Flight activity continued to grow in the world’s largest business aviation market in 2018 but at a slower pace, according to statistics from industry data provider Argus International. Last year’s activity rose by nearly one percent over 2017, topping the 3 million flight mark for the second consecutive year, while flight hours increased by 0.7 percent. Those proved less than the 5.5 percent increase in flight activity reported in Argus’s TraqPak 2017 business aviation review.
“The overall health of the industry I’d characterize as strong, but I’d hedge that statement to clarify that it’s only in a regional sense,” said Douglas Wilson, president and senior partner of industry consultancy FBO Partners. He noted that while regional markets in the country and their FBOs are doing well, when looking at the national picture and averaging the strong markets with those lagging, the view dims somewhat. “Call it a low-grade fever at this point, annoying, but far from life-threatening,” he added.
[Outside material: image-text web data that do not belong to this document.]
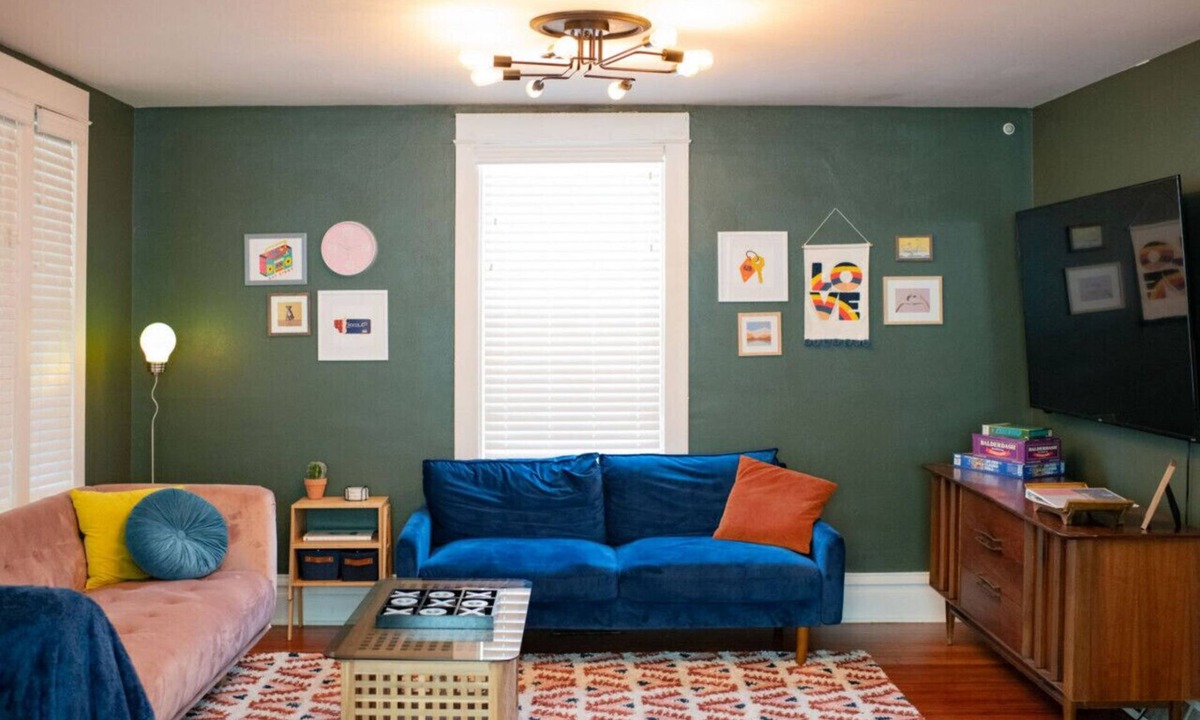 Sioux Falls House | The Ziggy: 4 blocks to DT, families w/pets welcome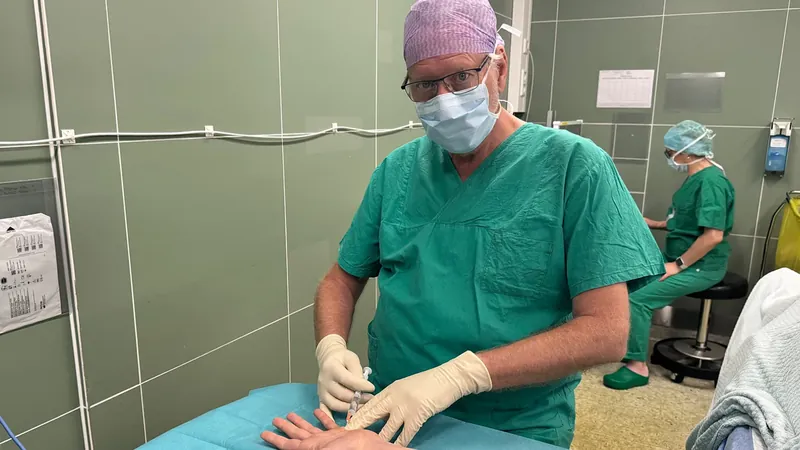 Perkutane Nadelfasziotomie: Behandlung einer Dupuytren-Kontraktur mit der Nadel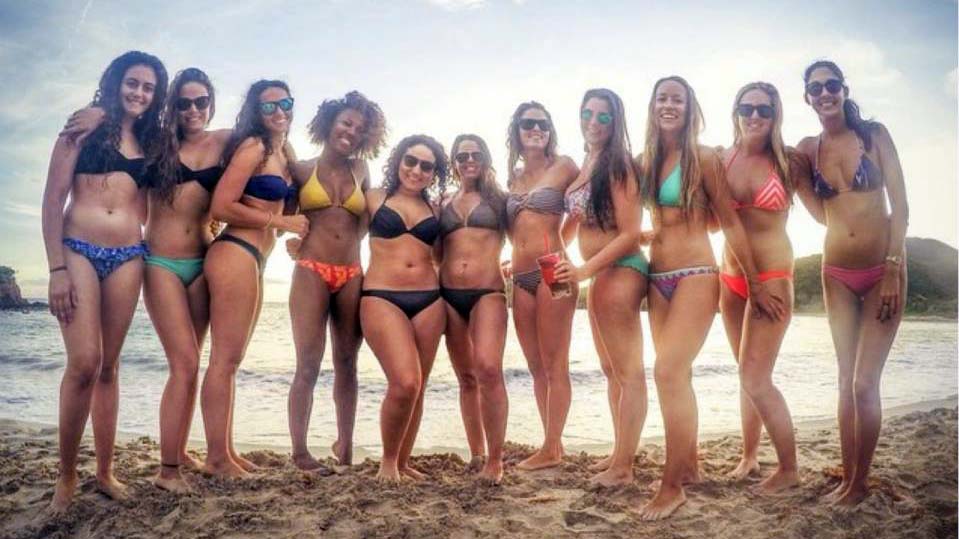 Makai beach bikini girls wide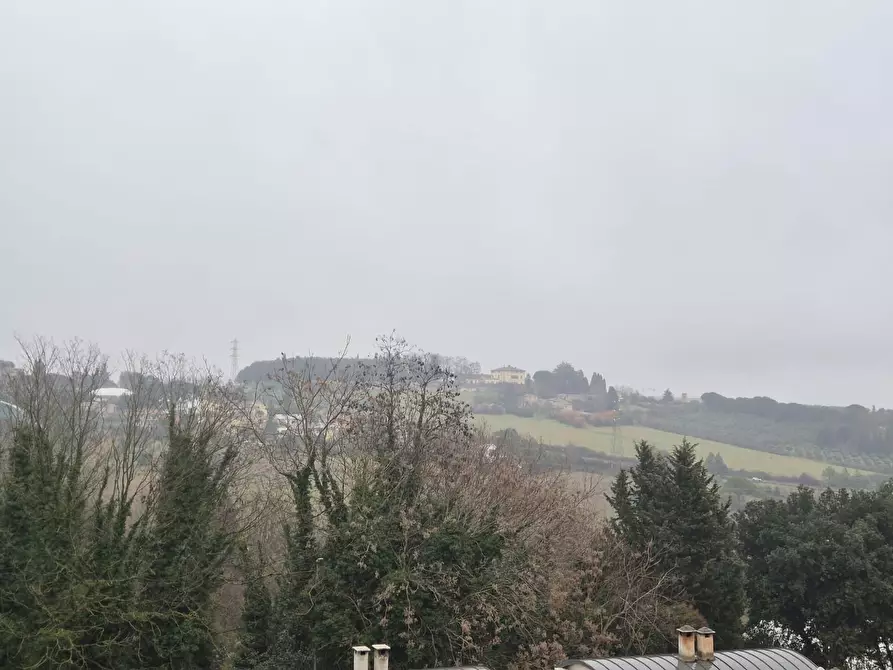 Immagine 21 di Appartamento in vendita  a Siena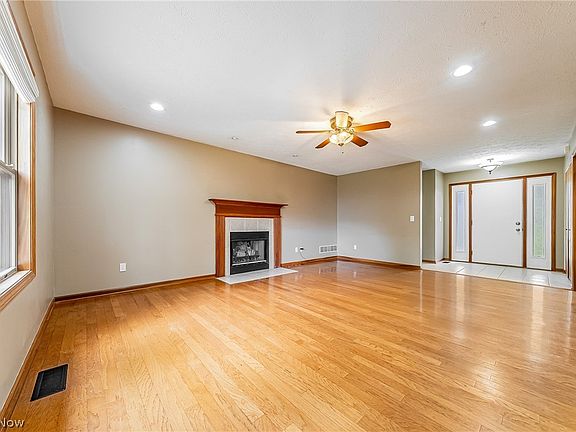 4th image of 22461 Macbeth Ave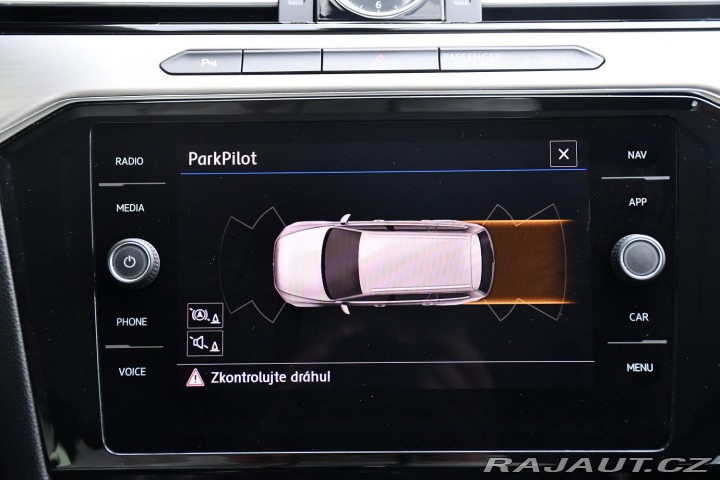 Volkswagen Passat 2.0TDi HIGHLINE DSG ACC Č 2019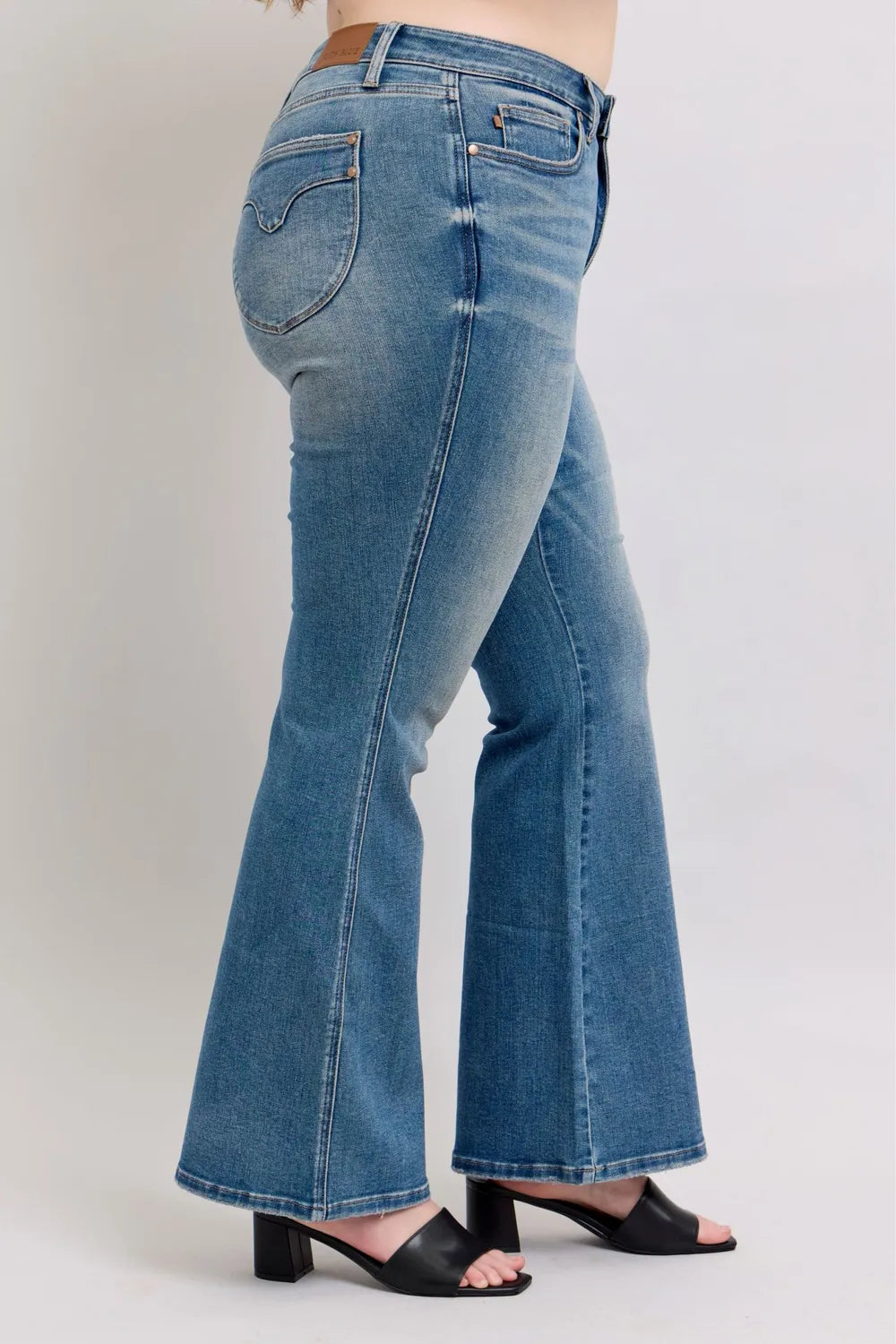 Judy Blue MR Tummy Control Vintage Wash Jeans 2a900b07-f6a7-4a61-8c21-9c1b35f84b3d-Max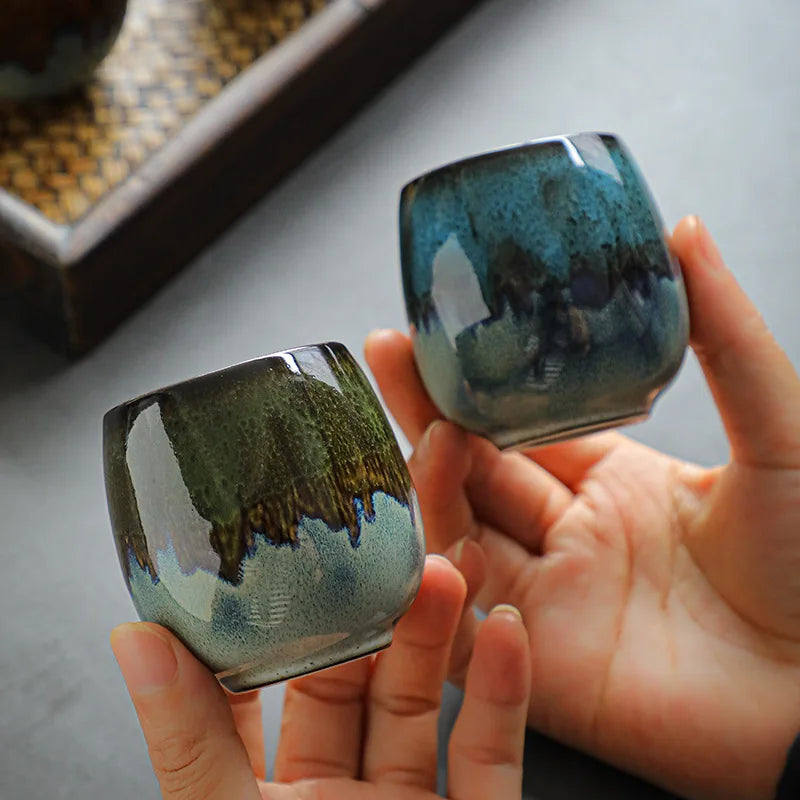 Thee zetten met gietijzeren theepot en accessoires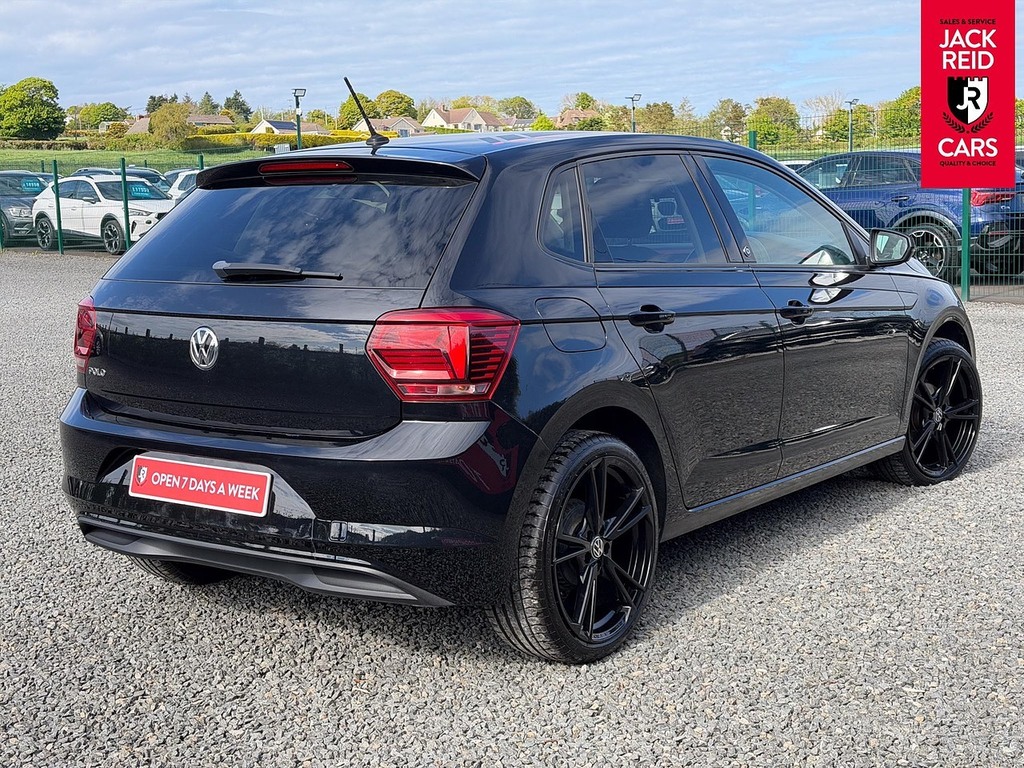 Volkswagen Polo Hatchback GM18ZFF Black #6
In its annual FBO fuel sales survey and industry forecast, released at the end of January, Aviation Business Strategies Group found that 75 percent of its respondents experienced positive fuel sales year-over-year, while 43 percent reported increases in transient ramp traffic. “For the third consecutive year, we’ve seen an increase in fuel sales by more than half of the FBOs responding to our survey,” said company co-principal, and industry veteran John Enticknap. “This includes some standout fuel sales of more than 8 percent year-over-year, by nearly 20 percent of the FBOs reporting.” Nearly 60 percent of the audience predicted they would again increase their fuel sales over 2018’s totals. Yet survey participants were less bullish on the direction the economy was headed than they were in 2017, with 61 percent now taking a positive view, compared with 73 percent the previous year.
What was a frothy consolidation market among the major FBO operators earlier in the decade has cooled after Landmark Aviation, a major player in the market, was acquired and absorbed by Signature Flight Support. “The U.S. FBO industry continues its consolidation, albeit at a slower pace,” said Stephen Dennis, CEO of Aviation Resource Group International (ARGI). “From the mid-1980s through entry into the 21st century, the majority of FBO consolidation was carried out by existing operating companies, with the focus of expanding their networks. However, he told AIN, “At the turn of the century, FBOs became the investment of choice of private equity. Consequently, many of the acquisitions in recent times have been made by new operating companies funded by private equity.”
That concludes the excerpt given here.